Friday, April 8, 2022

Praise the Goddess and Stop Being an Ass


"O holy, perennial savior of the human race, you are ever generous in your care for mortals, and you bestow a mother's sweet affection upon wretched people in misfortune. No day, no period of sleep, no trivial moment hastens by which is not endowed with your kind deeds. You do not refrain from protecting mortals on sea and land, or from extending your saving hand to disperse the storms of life. With that hand you even wind back the threads of the Fates, however irretrievably twisted. You appease the storms raised by Fortune, and restrain the harmful courses of the stars.

"The gods above cultivate you, the spirits below court you. You rotate the world, lend the sun its light, govern the universe, crush Tartarus beneath your heel. The stars are accountable to you, the seasons return at your behest, the deities rejoice before you, the elements serve you. At your nod breezes blow, clouds nurture the earth, seeds sprout, and buds swell. The birds coursing through the sky, the beasts wandering on the mountains, the snakes lurking in the undergrowth, the monsters that swim in the deep all tremble at your majesty."

- Lucius praises Isis in Book XI of The Metamorphoses of Lucius, better known as The Golden Ass, by Apuleius. (P.G. Walsh translation).

The Golden Ass is a second-century novel written in Latin by Lucius Apuleius Madaurensis. the son of a Roman magistrate in the colony of Numidia on the North African coast, in what is now Algeria. The comic, picaresque narrative follows the misadventures of a young man whose obsession with sorcery and sex leads to his transformation into a donkey. He is beaten and abused by successive masters, including ferocious bandits, and subjected to the lewd attentions of castrati priests of a Syrian goddess and ancient porn show promoters.

Lucius starts out as a young man obsessed by magic. He seduces Photis, the maid of the witch Pamphile. She tells him that the witch is going to turn herself into a bird so she can fly to the room of a man she wants to have sex with. From a hiding place, Lucius watches the witch get naked and smear herself all over with an ointment, as she voices incantations – and she sprouts feathers and takes off.

Lucius is now eager to fly as a bird.
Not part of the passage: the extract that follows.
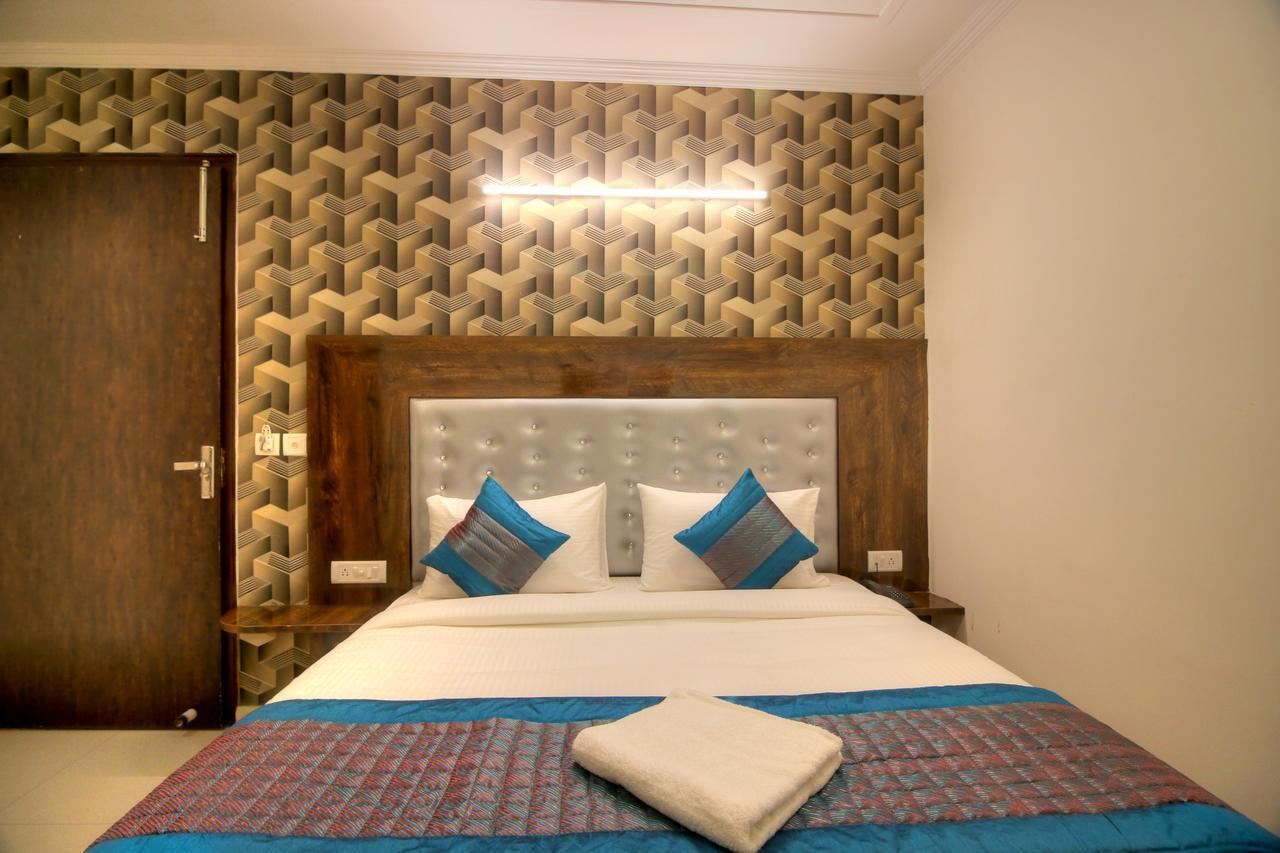 Airport Ark Of Avalon Hotel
Photis is nervous, but he persuades her to steal some of the ointment. In a comedy of errors, she brings him the wrong one. It turns him into a donkey. To recover human form, he must eat roses. The antidote is nearby. But before he can get to them, robbers burst in, and then use him as a pack mule, and through all his misadventures in the first ten books, he somehow never manages to eat roses.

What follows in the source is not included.